For most people, this extended wait time would be merely an inconvenience, but for those with disabilities — especially those whose support systems have been decimated by the coronavirus — it can mean the difference between sustenance and starving.

As COVID-19 continues to spread worldwide at an alarming rate, politicians are scrambling to put together contingency plans. One noticeable absence is any sort of acknowledgment of the disabled community.

Around 1 in 4 Americans have a disability, according to the Centers for Disease Control and Prevention. They are a diverse group of people with diverse needs. Not all are at greater risk of contracting COVID-19, but specific conditions may leave many of them more vulnerable.

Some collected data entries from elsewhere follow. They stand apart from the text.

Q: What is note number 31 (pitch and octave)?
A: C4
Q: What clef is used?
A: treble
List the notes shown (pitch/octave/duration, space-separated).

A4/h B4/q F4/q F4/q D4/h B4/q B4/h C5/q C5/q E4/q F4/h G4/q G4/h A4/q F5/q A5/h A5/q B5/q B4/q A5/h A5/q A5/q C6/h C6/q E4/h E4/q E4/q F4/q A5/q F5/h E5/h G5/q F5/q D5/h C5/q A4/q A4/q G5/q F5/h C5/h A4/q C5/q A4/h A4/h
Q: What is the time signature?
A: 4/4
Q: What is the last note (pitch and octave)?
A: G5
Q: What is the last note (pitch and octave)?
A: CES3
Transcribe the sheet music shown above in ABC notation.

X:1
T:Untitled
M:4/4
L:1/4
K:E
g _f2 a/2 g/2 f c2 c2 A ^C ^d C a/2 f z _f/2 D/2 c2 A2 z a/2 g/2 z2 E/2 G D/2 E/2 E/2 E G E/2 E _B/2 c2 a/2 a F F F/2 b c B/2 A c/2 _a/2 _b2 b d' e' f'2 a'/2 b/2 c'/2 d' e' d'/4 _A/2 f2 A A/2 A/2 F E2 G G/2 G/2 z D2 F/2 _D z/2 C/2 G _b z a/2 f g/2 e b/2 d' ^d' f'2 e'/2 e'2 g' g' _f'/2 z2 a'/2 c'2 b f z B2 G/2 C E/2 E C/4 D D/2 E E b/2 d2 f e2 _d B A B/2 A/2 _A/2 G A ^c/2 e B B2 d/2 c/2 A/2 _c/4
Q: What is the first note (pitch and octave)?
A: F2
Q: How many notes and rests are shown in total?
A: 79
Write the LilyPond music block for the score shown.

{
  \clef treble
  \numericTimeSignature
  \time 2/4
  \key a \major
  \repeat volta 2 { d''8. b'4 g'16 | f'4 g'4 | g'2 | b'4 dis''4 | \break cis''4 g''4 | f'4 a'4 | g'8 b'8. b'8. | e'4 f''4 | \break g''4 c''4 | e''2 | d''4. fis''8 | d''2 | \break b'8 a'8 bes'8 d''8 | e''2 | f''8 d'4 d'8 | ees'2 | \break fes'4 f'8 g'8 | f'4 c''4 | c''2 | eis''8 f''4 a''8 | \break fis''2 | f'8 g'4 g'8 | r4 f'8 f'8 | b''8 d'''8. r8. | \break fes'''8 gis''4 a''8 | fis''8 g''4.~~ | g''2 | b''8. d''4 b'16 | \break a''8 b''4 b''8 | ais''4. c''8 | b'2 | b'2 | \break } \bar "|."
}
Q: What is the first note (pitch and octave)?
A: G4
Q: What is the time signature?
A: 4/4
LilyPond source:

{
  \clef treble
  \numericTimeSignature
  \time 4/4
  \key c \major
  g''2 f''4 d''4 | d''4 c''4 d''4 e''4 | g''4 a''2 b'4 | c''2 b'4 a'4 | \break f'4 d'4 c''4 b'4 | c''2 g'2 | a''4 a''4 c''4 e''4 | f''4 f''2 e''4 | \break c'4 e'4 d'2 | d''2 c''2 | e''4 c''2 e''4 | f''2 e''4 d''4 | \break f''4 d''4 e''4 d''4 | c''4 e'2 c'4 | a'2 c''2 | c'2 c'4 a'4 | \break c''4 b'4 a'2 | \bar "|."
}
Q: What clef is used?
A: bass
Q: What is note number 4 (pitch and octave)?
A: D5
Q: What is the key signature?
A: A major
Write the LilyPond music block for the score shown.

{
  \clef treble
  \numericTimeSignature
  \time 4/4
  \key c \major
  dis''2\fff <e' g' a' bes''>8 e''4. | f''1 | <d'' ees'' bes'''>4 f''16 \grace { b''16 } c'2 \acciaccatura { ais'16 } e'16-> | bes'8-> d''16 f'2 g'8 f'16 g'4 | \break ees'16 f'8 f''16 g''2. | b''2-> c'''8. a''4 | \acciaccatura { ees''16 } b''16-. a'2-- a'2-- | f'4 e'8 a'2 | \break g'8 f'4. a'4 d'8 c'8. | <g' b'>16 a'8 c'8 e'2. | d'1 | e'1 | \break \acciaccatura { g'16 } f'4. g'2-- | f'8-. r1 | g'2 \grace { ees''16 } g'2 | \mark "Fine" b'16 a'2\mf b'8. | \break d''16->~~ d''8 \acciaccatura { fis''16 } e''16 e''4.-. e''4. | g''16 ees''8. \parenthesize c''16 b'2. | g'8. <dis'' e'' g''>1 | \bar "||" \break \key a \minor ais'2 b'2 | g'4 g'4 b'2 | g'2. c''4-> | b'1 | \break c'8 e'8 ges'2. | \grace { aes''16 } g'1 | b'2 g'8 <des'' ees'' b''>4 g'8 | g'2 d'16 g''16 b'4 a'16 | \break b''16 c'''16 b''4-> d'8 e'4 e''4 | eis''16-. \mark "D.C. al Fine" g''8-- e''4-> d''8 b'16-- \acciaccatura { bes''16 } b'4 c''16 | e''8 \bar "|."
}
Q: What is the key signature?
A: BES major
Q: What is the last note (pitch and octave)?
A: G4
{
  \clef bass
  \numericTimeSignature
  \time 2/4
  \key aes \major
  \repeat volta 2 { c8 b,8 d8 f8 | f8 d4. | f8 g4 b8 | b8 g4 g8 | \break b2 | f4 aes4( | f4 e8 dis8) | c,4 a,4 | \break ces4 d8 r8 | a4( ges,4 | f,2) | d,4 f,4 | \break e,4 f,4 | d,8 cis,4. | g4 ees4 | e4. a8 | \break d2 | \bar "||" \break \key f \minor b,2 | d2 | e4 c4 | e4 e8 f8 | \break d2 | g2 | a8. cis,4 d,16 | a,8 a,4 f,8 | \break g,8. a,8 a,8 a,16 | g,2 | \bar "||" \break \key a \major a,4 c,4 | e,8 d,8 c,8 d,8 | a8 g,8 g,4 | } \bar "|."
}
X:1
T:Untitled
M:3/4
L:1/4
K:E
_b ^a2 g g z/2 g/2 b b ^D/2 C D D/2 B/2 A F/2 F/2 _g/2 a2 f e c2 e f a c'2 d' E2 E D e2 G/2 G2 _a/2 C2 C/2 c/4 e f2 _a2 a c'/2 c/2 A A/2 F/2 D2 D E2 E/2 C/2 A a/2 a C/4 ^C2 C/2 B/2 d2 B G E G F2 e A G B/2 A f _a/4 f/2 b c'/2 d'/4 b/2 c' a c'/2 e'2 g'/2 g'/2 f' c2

In addition, among those who have a greater need for assistance in their everyday lives, social distancing and self-isolation is even harder, maybe impossible.

There has been a lack of information about what people with disabilities and those who care for them should be doing, compounded by a failure to communicate important public health messages in an accessible way.

That people with disabilities are unable to access what they need during this crisis reveals a “systemic failure,” said Andrew Meyers, project director of the Research and Training Center on Disability in Rural Communities at the University of Montana.

Many in the disability community have been deeply disappointed with the government response. “ANCOR is working to lobby hard for additional resources, supplies and flexibility from government at both the state and federal levels,” McCracken said.

One of ANCOR’s goals is to ensure that in states that have shut down large swaths of the workforce, all of those who work with disabled clients are still able to do their jobs.

“Many states issuing stay-home or shelter-in-place orders aren’t including direct support professionals as ‘essential workers,’ despite how essential they truly are,” McCracken said.

While some health aides and personal care attendants are typically considered essential, direct support professionals — those who work with people with intellectual and developmental disabilities to help them stay as independent as possible by, for example, helping them to eat, dress and wash themselves — are not.